- Country: North Korea
- Location: North Hamgyong Province
- Coordinates: 41°20′57.55″N 129°23′25.18″E﻿ / ﻿41.3493194°N 129.3903278°E
- Status: Commissioned
- Construction began: 1981
- Commission date: 5 August 2022
- Owner: Government of North Korea

Power generation
- Capacity factor: 134500kw

= Orangchon Power Stations =

Hydroelectric power stations in North Korea

Orangchon Power Project is an ongoing hydroelectric construction project, described as North Korea's "most ambitious hydroelectric projects during the past thirty years". The project crosses 45 km of the Orang River and stretches through 40 km of water tunnels, past 4 dams and 5 power stations.
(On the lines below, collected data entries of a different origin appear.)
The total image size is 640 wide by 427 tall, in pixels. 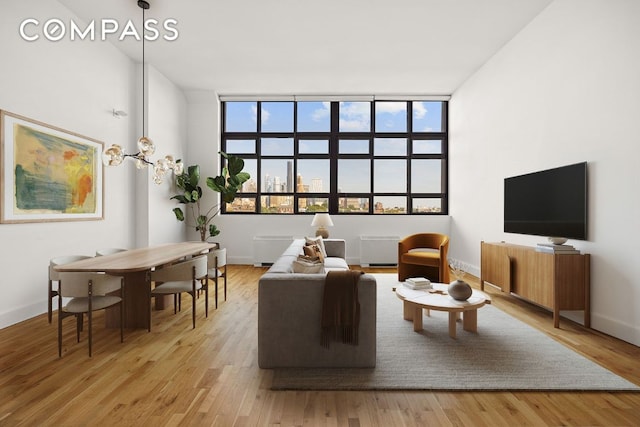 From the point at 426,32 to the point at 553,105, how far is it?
1883 millimetres

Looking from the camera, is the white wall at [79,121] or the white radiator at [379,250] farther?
the white radiator at [379,250]

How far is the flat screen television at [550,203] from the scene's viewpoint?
345 cm

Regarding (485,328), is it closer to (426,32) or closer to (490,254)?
(490,254)

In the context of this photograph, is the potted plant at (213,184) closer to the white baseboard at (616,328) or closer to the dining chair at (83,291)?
the dining chair at (83,291)

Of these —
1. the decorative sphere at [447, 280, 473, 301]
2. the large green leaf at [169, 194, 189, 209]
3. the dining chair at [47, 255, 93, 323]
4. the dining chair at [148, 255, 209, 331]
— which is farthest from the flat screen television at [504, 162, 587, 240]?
the large green leaf at [169, 194, 189, 209]

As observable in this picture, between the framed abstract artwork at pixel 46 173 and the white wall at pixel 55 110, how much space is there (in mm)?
114

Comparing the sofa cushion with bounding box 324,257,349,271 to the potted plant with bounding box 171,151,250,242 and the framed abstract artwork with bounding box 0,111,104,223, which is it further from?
the framed abstract artwork with bounding box 0,111,104,223

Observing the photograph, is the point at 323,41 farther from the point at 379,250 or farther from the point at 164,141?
the point at 379,250

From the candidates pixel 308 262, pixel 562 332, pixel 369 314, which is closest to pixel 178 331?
pixel 308 262

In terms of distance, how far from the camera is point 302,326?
245 centimetres

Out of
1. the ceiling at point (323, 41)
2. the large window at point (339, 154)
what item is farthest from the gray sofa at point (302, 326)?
the large window at point (339, 154)

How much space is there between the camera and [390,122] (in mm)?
7488

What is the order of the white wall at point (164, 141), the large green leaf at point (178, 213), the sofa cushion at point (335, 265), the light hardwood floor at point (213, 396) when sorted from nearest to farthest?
the light hardwood floor at point (213, 396) < the sofa cushion at point (335, 265) < the white wall at point (164, 141) < the large green leaf at point (178, 213)

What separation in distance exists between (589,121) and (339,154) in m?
4.66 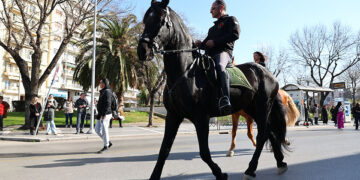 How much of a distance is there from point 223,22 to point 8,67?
178ft

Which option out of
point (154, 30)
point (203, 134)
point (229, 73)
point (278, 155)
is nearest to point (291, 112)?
point (278, 155)

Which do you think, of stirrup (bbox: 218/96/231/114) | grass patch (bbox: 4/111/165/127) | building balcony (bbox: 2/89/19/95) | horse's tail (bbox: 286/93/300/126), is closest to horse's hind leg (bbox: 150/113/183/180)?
stirrup (bbox: 218/96/231/114)

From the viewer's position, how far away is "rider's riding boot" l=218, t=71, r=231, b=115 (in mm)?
3701

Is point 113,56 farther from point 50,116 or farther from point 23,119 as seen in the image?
point 50,116

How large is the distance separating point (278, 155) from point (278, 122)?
60cm

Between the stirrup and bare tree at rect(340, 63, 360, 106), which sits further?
bare tree at rect(340, 63, 360, 106)

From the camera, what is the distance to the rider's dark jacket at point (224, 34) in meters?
3.89

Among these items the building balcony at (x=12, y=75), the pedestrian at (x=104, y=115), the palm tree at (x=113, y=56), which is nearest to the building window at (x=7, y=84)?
the building balcony at (x=12, y=75)

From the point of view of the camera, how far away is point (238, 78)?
4109mm

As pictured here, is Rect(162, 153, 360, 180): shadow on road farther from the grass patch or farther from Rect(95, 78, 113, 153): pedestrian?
the grass patch

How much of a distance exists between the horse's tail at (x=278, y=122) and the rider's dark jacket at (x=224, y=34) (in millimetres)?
1586

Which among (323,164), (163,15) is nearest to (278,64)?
(323,164)

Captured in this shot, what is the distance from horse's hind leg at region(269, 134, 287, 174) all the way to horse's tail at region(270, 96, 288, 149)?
0.28ft

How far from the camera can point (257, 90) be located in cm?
447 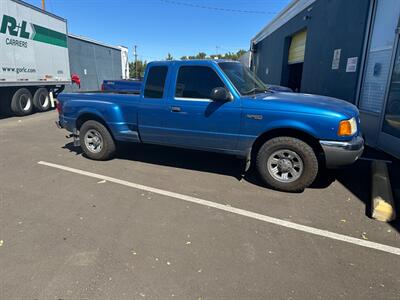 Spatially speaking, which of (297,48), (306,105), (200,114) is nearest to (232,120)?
(200,114)

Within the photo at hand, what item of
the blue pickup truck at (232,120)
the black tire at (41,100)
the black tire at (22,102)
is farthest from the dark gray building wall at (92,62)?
the blue pickup truck at (232,120)

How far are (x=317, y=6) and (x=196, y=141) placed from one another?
31.2ft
The country estimates that the project will produce 134,500 kW in energy.

== History ==
The project began under the leadership of Kim Il Sung in 1981 but stagnated for a variety of reasons, but resumed in 2000 when Kim Jong Il visited the site and assigned "national priority" to the completion of the project. In 2018, Kim Jong Un visited the site and was reportedly "extremely furious" over lax management when he inspected the site.

== Present ==
In August 2022, the final power station was built, Orangchon Power Plant No.3, 41 years after North Korea's former leader Kim Il Sung first announced it. An audit statement of Power Plant No.3 concluded that the facility assembly and transmission line construction was performed well.